Auf Augenhöhe kommen

Heidrun Dörken
Ein Beitrag von Heidrun Dörken, Evangelische Pfarrerin, Senderbeauftragte für den Hessischen Rundfunk

Jesus von Nazareth hat offenbar gewusst, was dazu gehört, wenn man sich wirklich begegnen und miteinander weiterkommen will: Zuerst mal Augenhöhe herstellen. Jesus hat das ganz praktisch gemacht. Einen, der unten auf dem Boden saß, hat er auf die Füße gestellt. Ein anderes Mal hat er jemand buchstäblich von oben herunter geholt. Dieser Mann hatte sich auf einen Baum geflüchtet, weil er Angst hatte vor direkten Begegnungen. Aber erst auf Augenhöhe kann man sich ins Gesicht schauen, miteinander reden und vielleicht weiterkommen. Solange man nur übereinander redet oder aneinander vorbei, kommt man nicht voran.

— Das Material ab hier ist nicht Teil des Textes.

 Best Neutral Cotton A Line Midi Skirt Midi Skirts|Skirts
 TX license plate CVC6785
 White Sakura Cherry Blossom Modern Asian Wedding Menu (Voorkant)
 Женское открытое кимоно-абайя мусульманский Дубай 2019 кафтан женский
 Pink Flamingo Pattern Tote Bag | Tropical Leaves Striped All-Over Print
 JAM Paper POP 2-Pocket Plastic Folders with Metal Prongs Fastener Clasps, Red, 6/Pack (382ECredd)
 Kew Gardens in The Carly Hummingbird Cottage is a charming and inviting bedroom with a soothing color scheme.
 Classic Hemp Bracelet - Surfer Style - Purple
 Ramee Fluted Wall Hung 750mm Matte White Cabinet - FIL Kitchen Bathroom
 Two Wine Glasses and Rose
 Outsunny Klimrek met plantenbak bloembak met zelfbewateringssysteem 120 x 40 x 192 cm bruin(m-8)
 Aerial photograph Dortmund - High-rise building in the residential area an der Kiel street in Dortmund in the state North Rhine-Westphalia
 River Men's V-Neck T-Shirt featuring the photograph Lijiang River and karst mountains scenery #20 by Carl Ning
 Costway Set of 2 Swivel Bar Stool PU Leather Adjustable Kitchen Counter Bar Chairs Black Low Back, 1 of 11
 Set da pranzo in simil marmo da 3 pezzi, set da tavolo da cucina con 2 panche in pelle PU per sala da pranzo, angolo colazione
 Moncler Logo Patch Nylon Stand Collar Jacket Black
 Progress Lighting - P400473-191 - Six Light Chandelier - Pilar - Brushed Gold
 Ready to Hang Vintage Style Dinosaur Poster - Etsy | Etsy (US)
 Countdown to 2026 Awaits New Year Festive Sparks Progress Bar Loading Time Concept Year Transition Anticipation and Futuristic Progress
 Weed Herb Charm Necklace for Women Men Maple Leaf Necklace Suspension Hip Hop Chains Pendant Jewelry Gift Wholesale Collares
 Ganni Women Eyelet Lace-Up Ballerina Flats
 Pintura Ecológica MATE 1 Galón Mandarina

Das kenn’ ich aus dem persönlichen Leben. Wenn ich das Gefühl habe, mein Gesprächspartner belehrt mich von oben herab und findet sich sowieso klüger und besser, mache ich dicht. Genauso, wenn jemand sich bewusst kleiner macht, als er ist, um keine Verantwortung zu übernehmen.

Solche Erfahrungen kann man auf die Politik übertragen. Das heißt: Gerade jetzt nicht aufgeben, was mit der Türkei verbindet. Im Fall der Partnerschaft von Hessen mit Bursa also jetzt den zweiten Besuchs-Versuch machen. Im letzten September waren die Hessen nicht gefahren, nachdem die türkische Seite wichtige Gespräche abgesagt hatte. Falls der Besuch jetzt klappt, wird er trotzdem schwierig. Der Gouverneur von Bursa, der die türkisch-hessische Partnerschaft begonnen hatte, sitzt seit dem Putschversuch im Gefängnis. Der Journalist Deniz Yüzel aus Flörsheim ist wegen fadenscheiniger Terrorismus-Beschuldigungen auch inhaftiert. All das soll die hessische Delegation ansprechen und will das tun.

Sich ehrlich begegnen, heißt gerade nicht, nur Nettigkeiten auszutauschen. Auch das kennt man aus persönlichen Beziehungen: Wenn jemand offen ist und sich mir zuwendet, kann ich gut hören, was er mir zu sagen hat. Ich wäre sehr froh, wenn das jetzt beim Besuch an ein paar Stellen gelingt. Wo immer es geht, müssen wir wegkommen von den Fronten, hin zu Begegnungen.